Le président Jakaya Kikwete réélu pour un second mandat

Par AFP

Jakaya Kikwete entame un second mandat de cinq ans avec 61,17 % des voix. © AFP

Le président tanzanien sortant, Jakaya Kikwete, 60 ans, a été réélu pour un second mandat de cinq ans avec 61,17 % des voix lors de l'élection présidentielle de dimanche, a annoncé vendredi le président de la Commission électorale.

M. Kikwete devance largement ses deux principaux adversaires, le candidat du parti Chadema, Wilbrod Slaa, étant crédité de 26,34 % et celui du Front civique uni (CUF), Ibrahim Haruna Lipumba, recueillant 8,06 % des suffrages.

M. Slaa n’assistait pas vendredi après-midi à la proclamation officielle des résultats, a constaté un journaliste de l’AFP.

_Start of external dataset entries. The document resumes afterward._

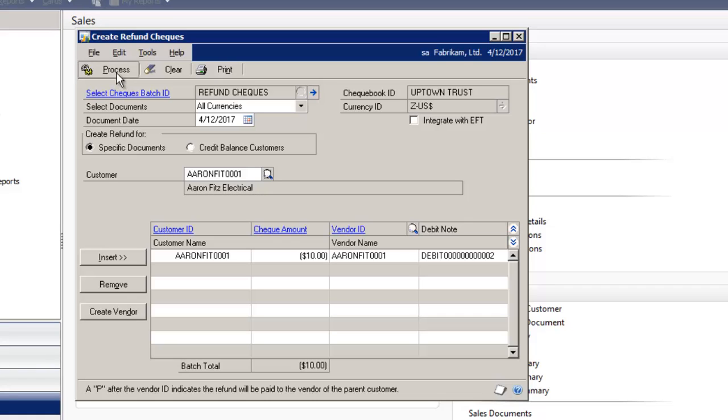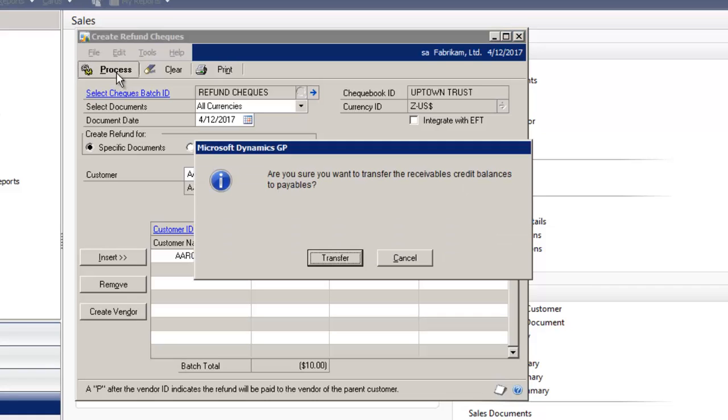Then you can select Process. A message comes up asking are you sure you want to transfer the receivables credit balance to payables? I'm going to select Transfer.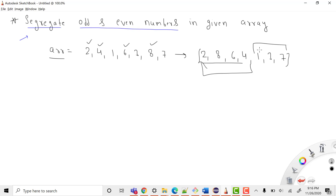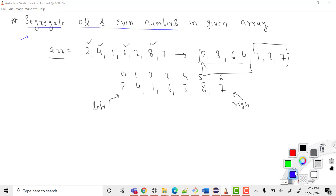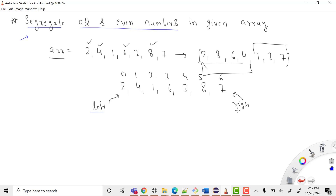Now how can we solve this question? We will take two variables. Let me write the array values again: 2, 4, 1, 6, 3, 8, 7. One variable will be 'left', which points to the starting index (index 0), and another variable will be 'right'.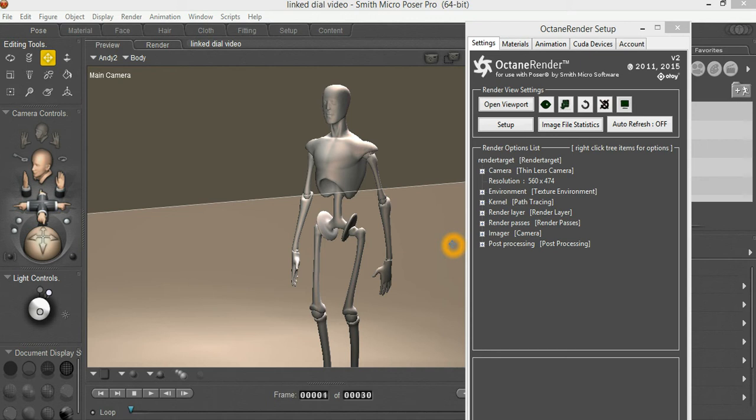Hi, this is Paul and I'm the creator of Octane Render for Poser. This is a very quick tutorial on using the new Linked Dial feature that was introduced in the latest test version of the plugin.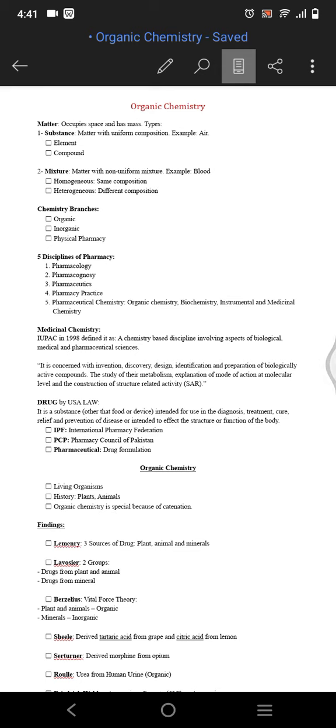Hello guys, welcome back to my channel. Today's topic we're going to study organic chemistry and we're going to start with the basic definitions. What is matter? Matter is anything that has mass and occupied space, and there are two types of matter: substance and mixture. Substance is the one which has uniform composition, for example air, and it includes element and compound.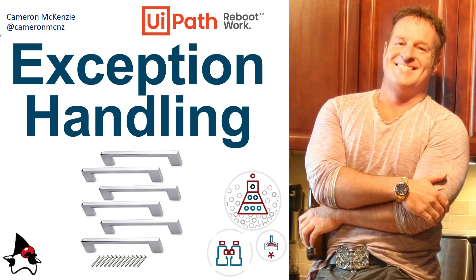Hey Cameron McKenzie here at cameronmcnz on Twitter and I wanted to talk to you about how you do some exception handling in UiPath, namely how you use the try catch finally block, send some messages to the user maybe if an error happens, and also how to do a little bit of logging if you want to send a message into your log files when an exception happens.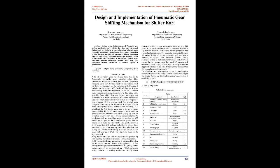Keywords: Shifter Kart, Pneumatic, Compressor, DCV, Reservoir.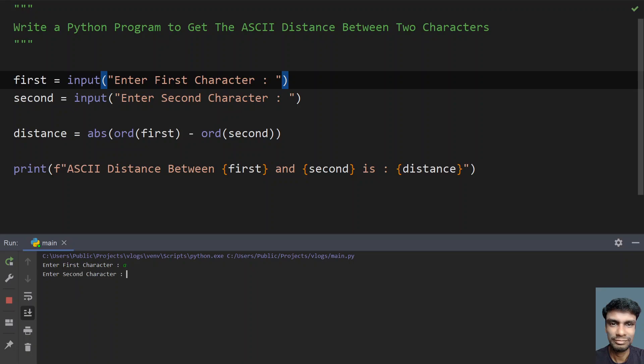Let me run it again. Enter the first character — small 'a', and enter the second character — small 'c'. You can see the ASCII distance between 'a' and 'c' is 2. That means you have to travel two steps to reach 'c' from 'a': a to b, and again b to c.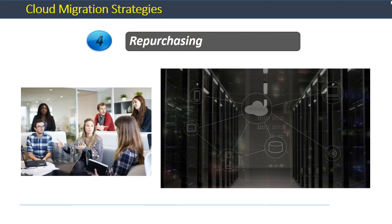The fourth strategy is that of repurchasing. This migration strategy entails essentially switching the legacy application in favor of a new but similar application on the cloud. Migrating to a SaaS based system would be an example of such a migration where an organization may decide to migrate from its legacy financial system to a SaaS based financial ERP system.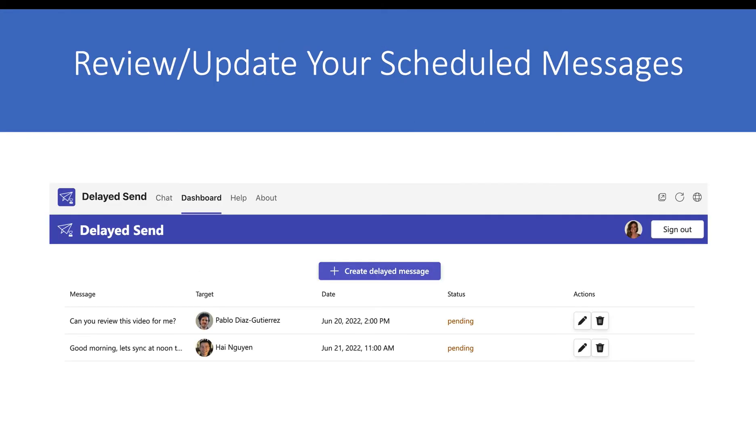You can also review and update your scheduled messages in the Delayed Send dashboard.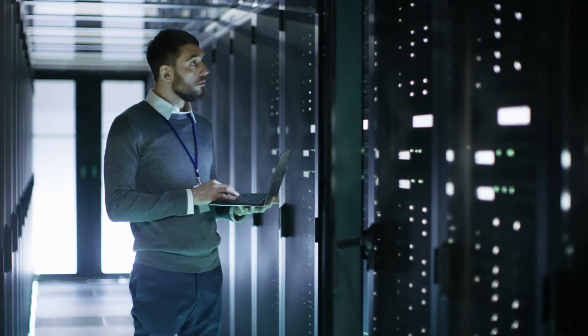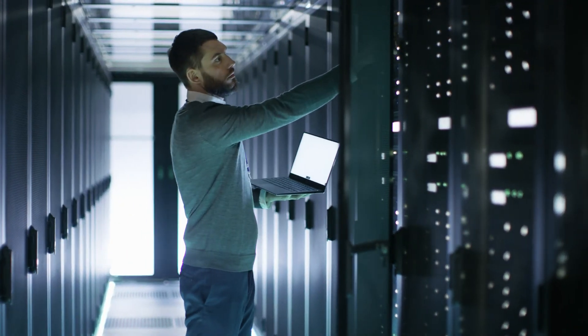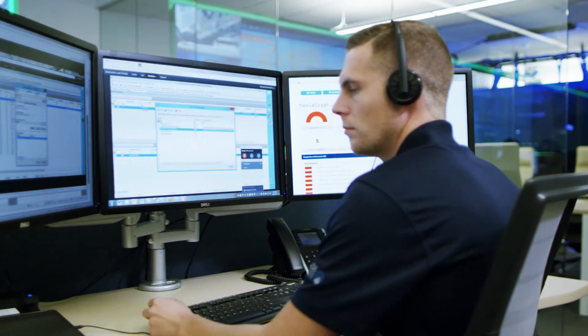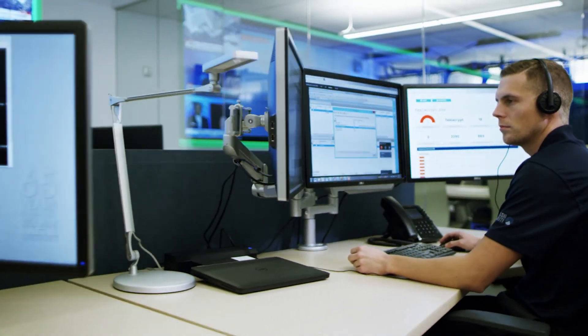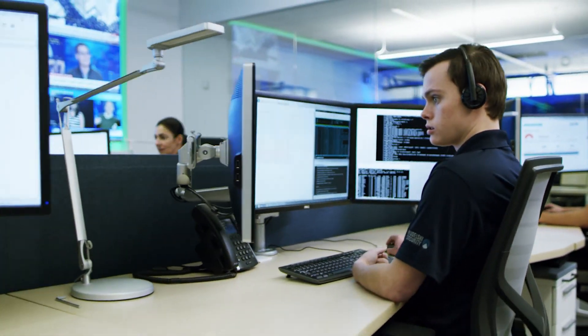We've spent the last several months researching and analyzing the cybersecurity risks and solutions around software as a service and infrastructure as a service.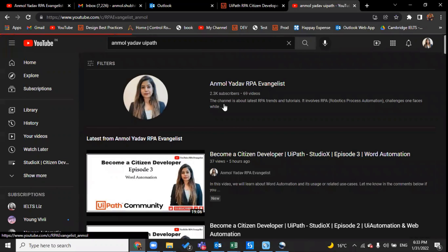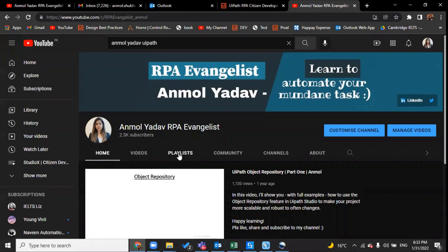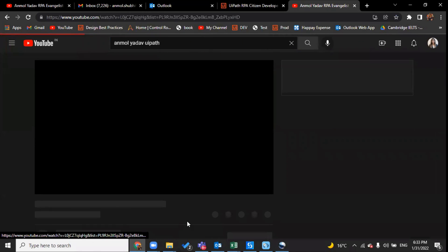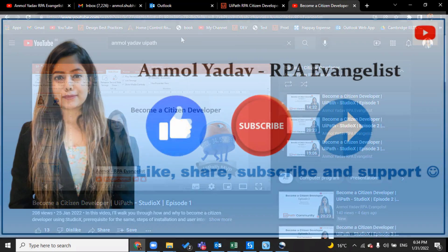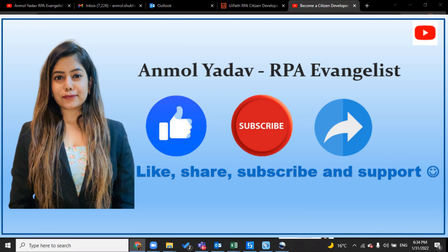So what are you waiting for? I've already created a playlist which would help you in becoming a citizen developer. Following this playlist on my YouTube channel, you can become citizen developer certified. On that note, thanks for watching the video, and please don't forget to like, share, and subscribe to my channel.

« Je déclare à présent que Jakaya Kikwete a été élu président de la République unie de Tanzanie », a proclamé le président de la Commission Lewis Makame.

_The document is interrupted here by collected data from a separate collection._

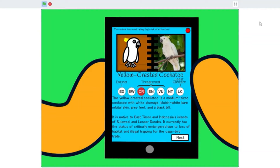The yellow-crested cockatoo is a medium-sized cockatoo with white plumage, bluish-white bare orbital skin, gray feet, and a black bill. It is native to East Timor and Indonesia's islands of Sulawesi and Lesser Sundas.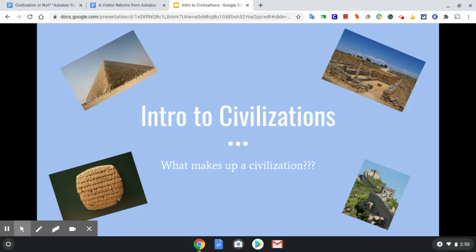Now, we only have a week or so before fall break, so we're not going to get into any major details about certain civilizations, but we are going to do just a little introduction here in the next week about what makes up a civilization, and today gets that started.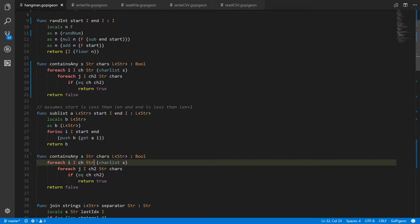Now, understand that in real Go, as we'll see later, they don't have a built-in list type — they only have slices and arrays. So the way we would write equivalent code in actual Go is we'd use slices.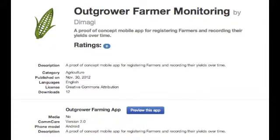ComCare is a platform that supports use cases beyond healthcare. ComCare can also be used to support Agricultural Extension workers. These workers can use ComCare to collect and store data about multiple farms which they oversee. In this next demo, I will be using an application that Dimagi made for the purpose of displaying how Agricultural Extension workers can use ComCare.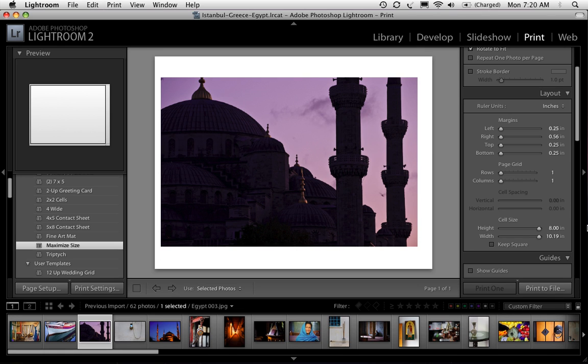Well hi everybody, Scott Kelby here and this is part two of a three-part series on making photo books. The first part was on making photo books in iPhoto and this all came from a blog post on the Photoshop Insider which is scottkelby.com.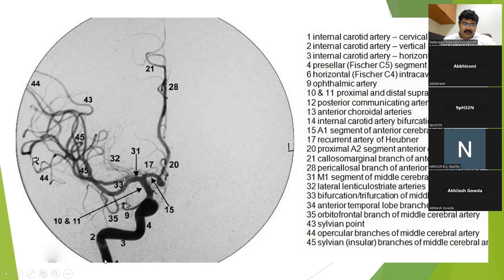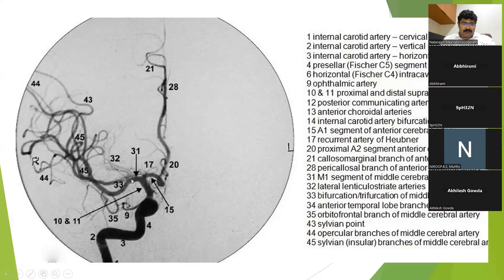This is the vertical cervical part, then the vertical Petrous and the horizontal Petrous, and then the Cavernous segment. Then this is the Ophthalmic Artery. This is the A1-ACA, and this is the M1-MCA.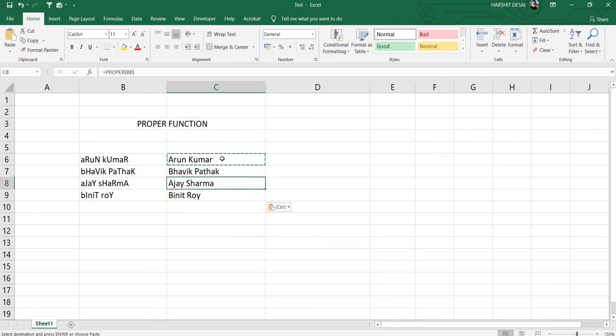So this is how to use the PROPER function in Excel. Thank you guys for watching.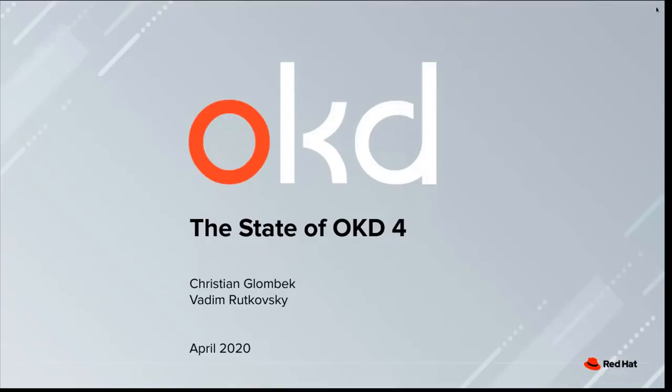Hello everybody. I'm Christian Glombeck. I'm one of the co-chairs for the OKD working group and we'll be presenting on the state of OKD 4 today. So welcome everybody.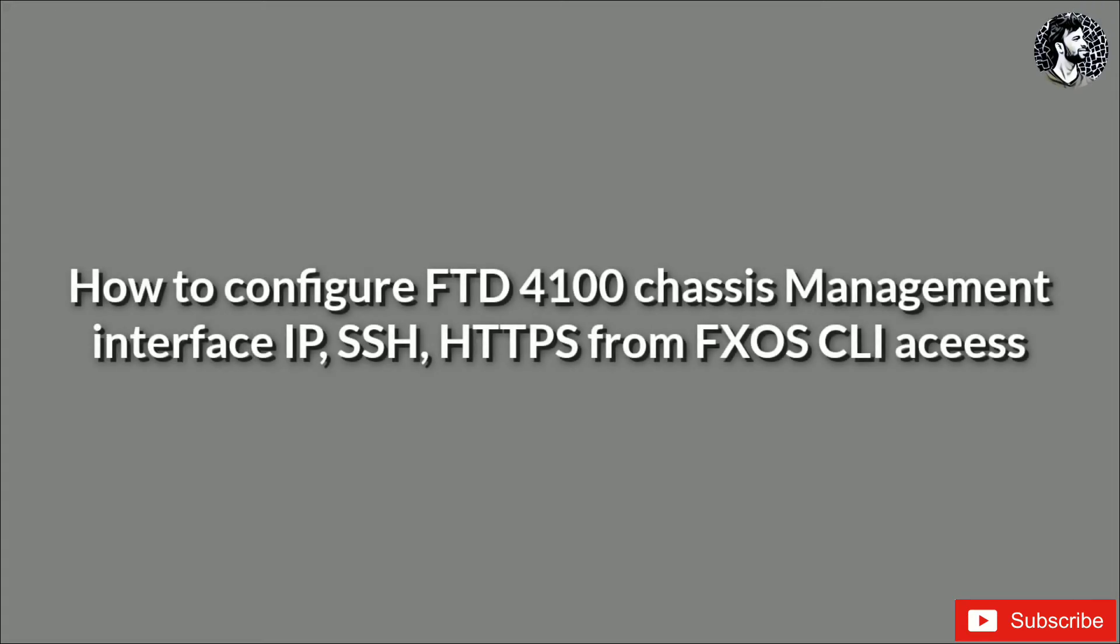Hello everyone, this is Suhail Vodkar. In this video, we will learn how to configure Firepower Threat Defense 4100 Chassis Management Interface IP Address, SSH, and HTTPS from FXOS CLI Access.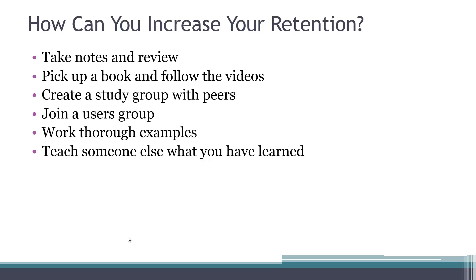Throughout this training series, we'll provide examples showing how a particular concept is used or can be implemented. Take those examples and do them yourself on your own system so that you have an opportunity to actually implement part of what you're learning. Also, if you prepare yourself to teach someone else what you've learned, you'll find that you focus more during learning, new questions will come to mind that you want to research, and it'll help you get a more complete understanding of which areas you need to review a bit more.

« Je vous félicite président Kikwete pour votre réélection et espère que vous tiendrez vos promesses. J’espère aussi que vous travaillerez sur les chantiers mis en avant par les partis d’opposition pendant la campagne, notamment l’éradication de la pauvreté, l’amélioration de l’éducation et des infrastructures », a déclaré M. Lipumba lors de la cérémonie

"Âpre compétition"

« Je dois reconnaître que la compétition a été âpre, reflétant les progrès de la démocratie dans le pays et le fait que les partis politiques sont à présent plus forts », a réagi de son côté M. Kikwete, faisant part de sa « satisfaction ».

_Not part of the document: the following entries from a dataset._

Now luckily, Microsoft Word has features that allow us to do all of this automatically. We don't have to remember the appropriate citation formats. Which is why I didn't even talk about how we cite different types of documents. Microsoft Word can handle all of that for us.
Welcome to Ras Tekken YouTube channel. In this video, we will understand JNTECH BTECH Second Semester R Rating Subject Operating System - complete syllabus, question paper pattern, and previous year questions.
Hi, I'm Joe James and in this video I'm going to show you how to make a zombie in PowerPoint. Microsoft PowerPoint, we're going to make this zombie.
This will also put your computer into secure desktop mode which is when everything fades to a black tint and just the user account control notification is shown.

Le taux de participation aux élections a été de 42,84 %, selon la Commission électorale, soit une participation bien inférieure à celle du scrutin de 2005 (72 %) qui s’était soldé par une très large victoire de M. Kikwete à la présidentielle, avec 80 % des voix.

Ces élections, les quatrièmes organisées en Tanzanie depuis le retour au multipartisme en 1992, se sont globalement déroulées dans le calme, dans ce pays d’Afrique de l’Est de plus de 43 millions d’habitants répartis sur un territoire grand comme la France et l’Allemagne réunies.

Plusieurs petites manifestations, parfois accompagnées d’échaufourrées ont toutefois émaillé les cinq jours de dépouillement des bulletins de vote, des militants d’opposition critiquant la lenteur des opérations, synonyme selon eux de trucage des résultats.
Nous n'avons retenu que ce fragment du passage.